フラメンコ・ミニエッセイ その4
“アルグノス・モメントス”
人々は彼らを「アルヘシーラスの少年たち」と呼んだ。兄が歌い、弟がギターを弾いて、少しづつ名前を知られ始めていた。
ある日彼らは、初めてのテレビ出演のために父親に伴われて、マドリードへとやってきた。しかし当時の法律では未成年に現金で報酬を支払うことは禁じられていたので、テレビ局は、ギターを素晴らしく弾きこなした少年に玩具の汽車を贈った。

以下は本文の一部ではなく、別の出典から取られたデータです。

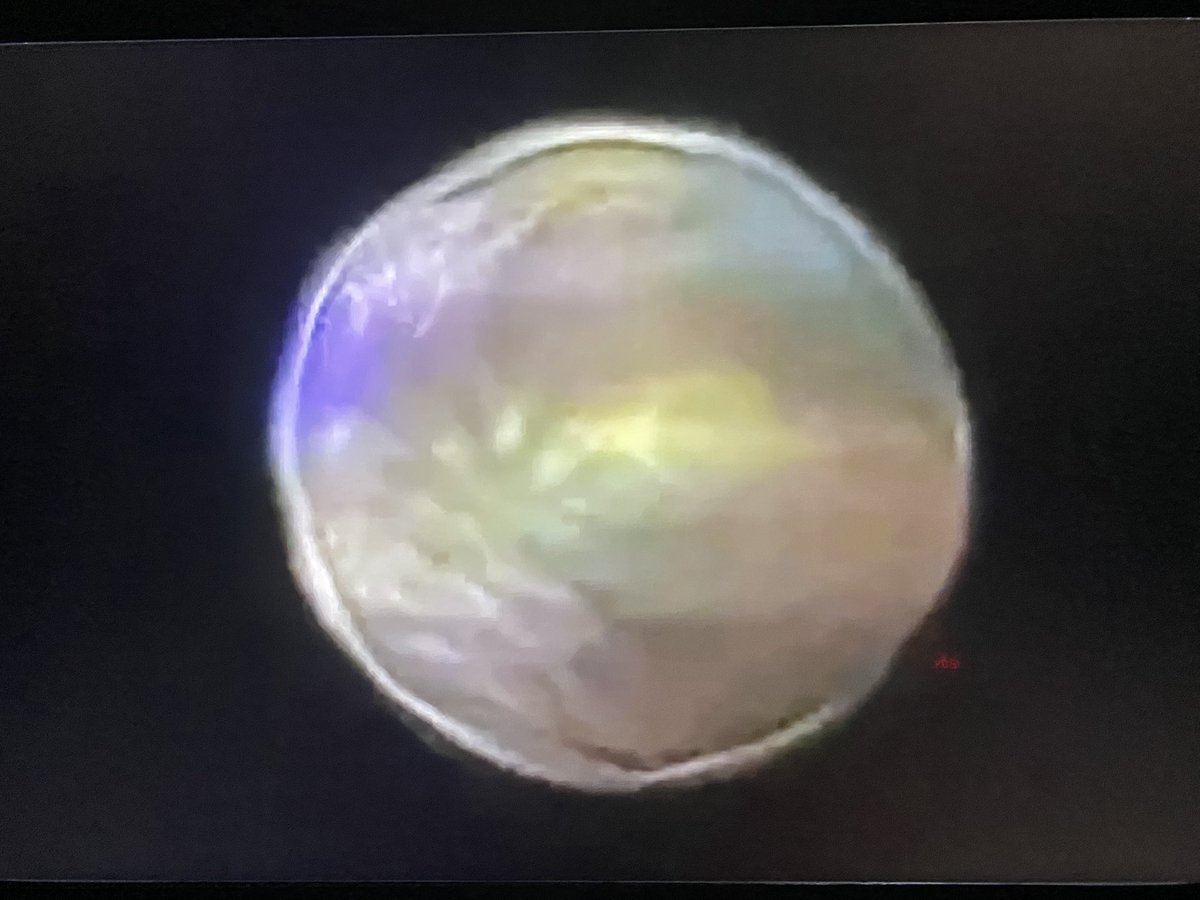 tparon's tweet image. 🚨🇺🇸NEW CRAZY VIDEO MAN FILMING THE UAPs OVER NEW JERSEY WITH HIS TELESCOPE SHOWS SOME OF THE DRONES ARE UAP ORBS.

THEY SEEM TO HAVE SOME KIND OF A FIELD AROUND THE CRAFTS⭕️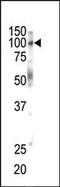 EPH Receptor B1 antibody, PA5-14604, Invitrogen Antibodies, Western Blot image 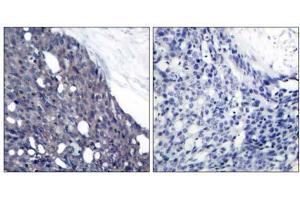 Immunohistochemical analysis of paraffin-embedded human breast carcinoma tissue using IκB-α (Ab-42) antibody (E021176). (NFKBIA Antikörper)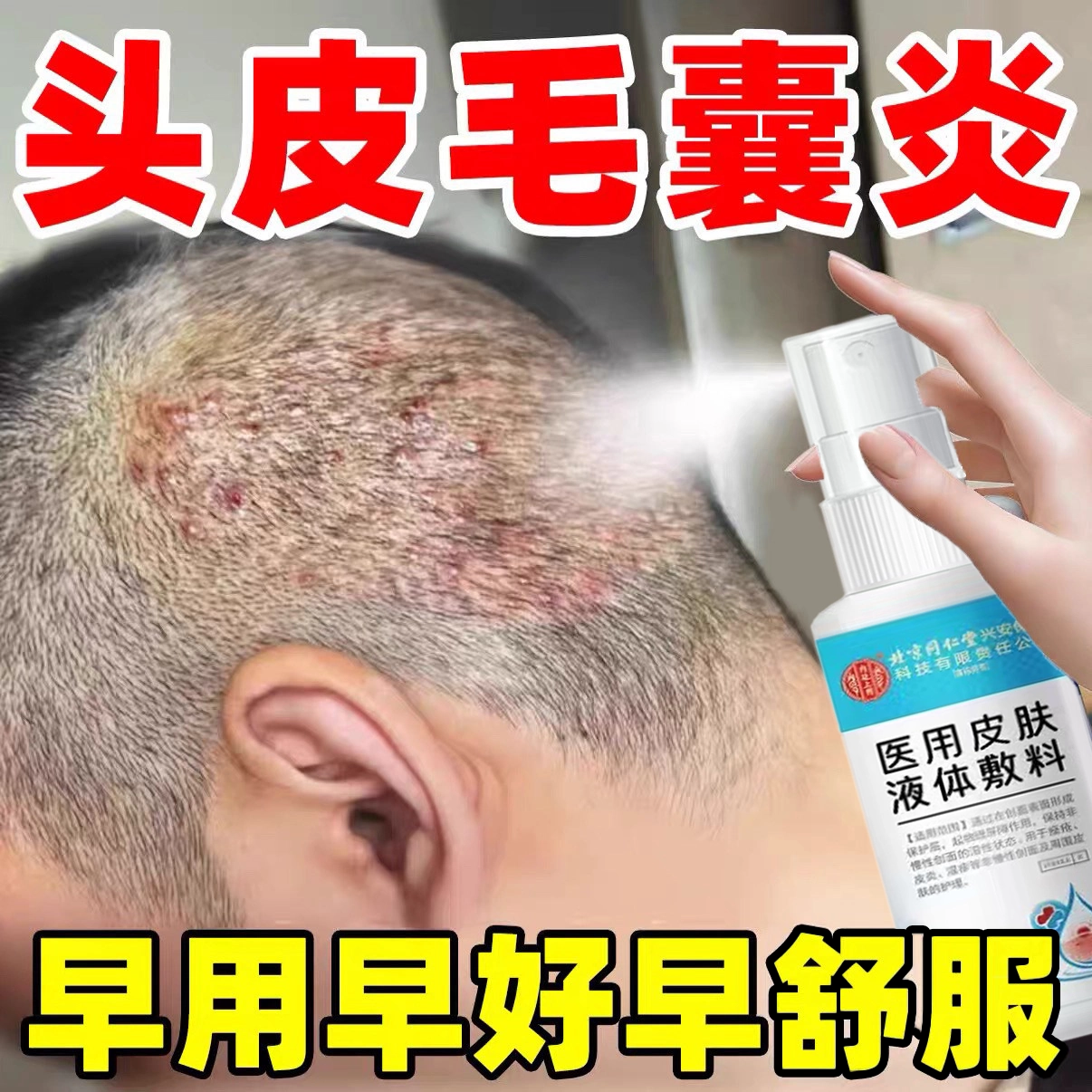 头皮毛囊炎效特膏药头部专用头上长痘痘痒有疙瘩脂溢性皮炎喷雾剂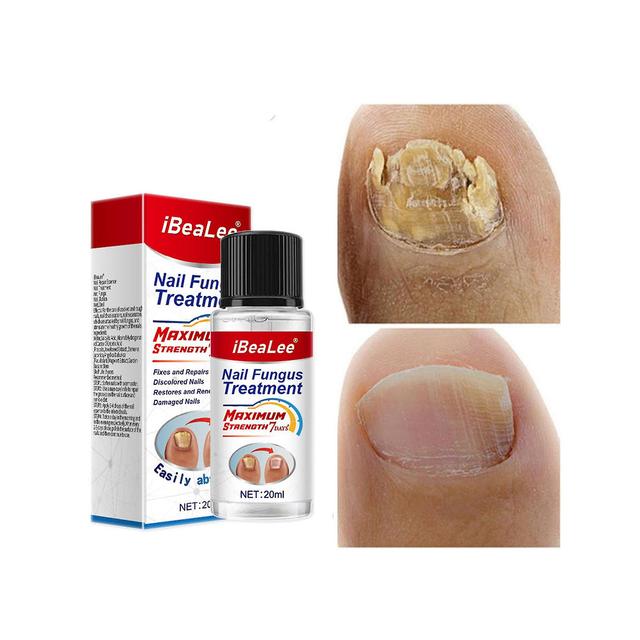 Flye 20ml Nail Essential Oil,liquid For Onychomycosis Unguent For Thickening Soft Nails Multicolor on Productcaster.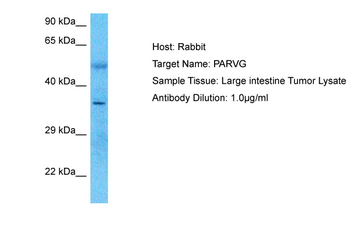 PARVG Rabbit Polyclonal Antibody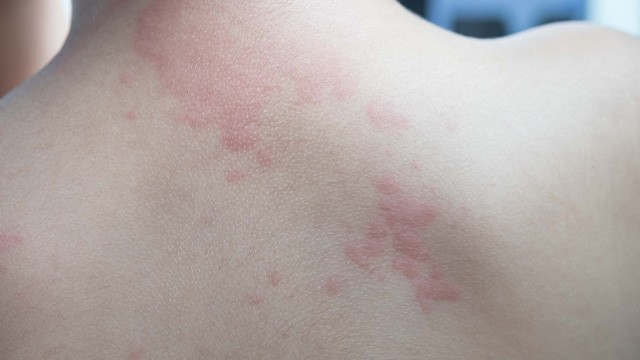 전 세계적으로 홍역이 유행하고 있는 지금. 해외여행을 계획 중인 경우 주의가 당부 된다｜출처: 게티이미지뱅크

そのあと彼は、ギタリストのホセ・マリア・パルド、つまり僕の父の家に立ち寄った。そして僕の母は、家族のために用意していたつつましい一皿の夕食を、僕たちと同じように貧しい3人の客のためにとりわけた。
帰っていくときギターを弾く少年は僕に、テレビ局でもらった汽車を、彼がギターを弾いて稼いだ初めての報酬を僕にプレゼントしてくれた。少年の名はフランシスコと言った。現在の、パコ・デ・ルシアである。
僕の父がパコたち兄弟の長兄であるラモンのギターの師でもあり仕事の同僚でもあった時代を過ぎたあとも、僕はパコとその兄弟たちとのつきあいを続けてきた。仕事の外では、彼はどちらかといえばシンプルな人間だといっていいだろう。サッカーの大ファンで、寿司が大好きで、皆と笑って過ごす時間を過ごすのも好きだ。故郷アルヘシーラスの男たちがそうであるように、彼もまた頑丈な一人の男だ。
しかしひとたびギターを持つと、彼はこの時代の傑出した天才である。パコのような存在は今までもごくわずかしか現れなかったし、また現れるまでには長い年月が必要だろう。もし少しでもフラメンコを理解する人なら誰も、パコが特別なアーティストだということは否定できない。彼のテクニックも、彼の創造性も、彼の前衛性も。パコをすごく好きだという人もあれば、それほどでない人もいるだろう。しかし彼の価値を否定することは不可能なのだ。ちょうど、ピカソの絵を嫌いだという人はいても、ピカソを否定する人はいないように。
パコがくれた汽車は、もうはるか昔になくしてしまった。でも、彼のギターを聞くたびに、パコは今も僕に沢山の贈り物をしてくれている―――感動や、情熱や、そしてフラメンコへの夢という贈り物を。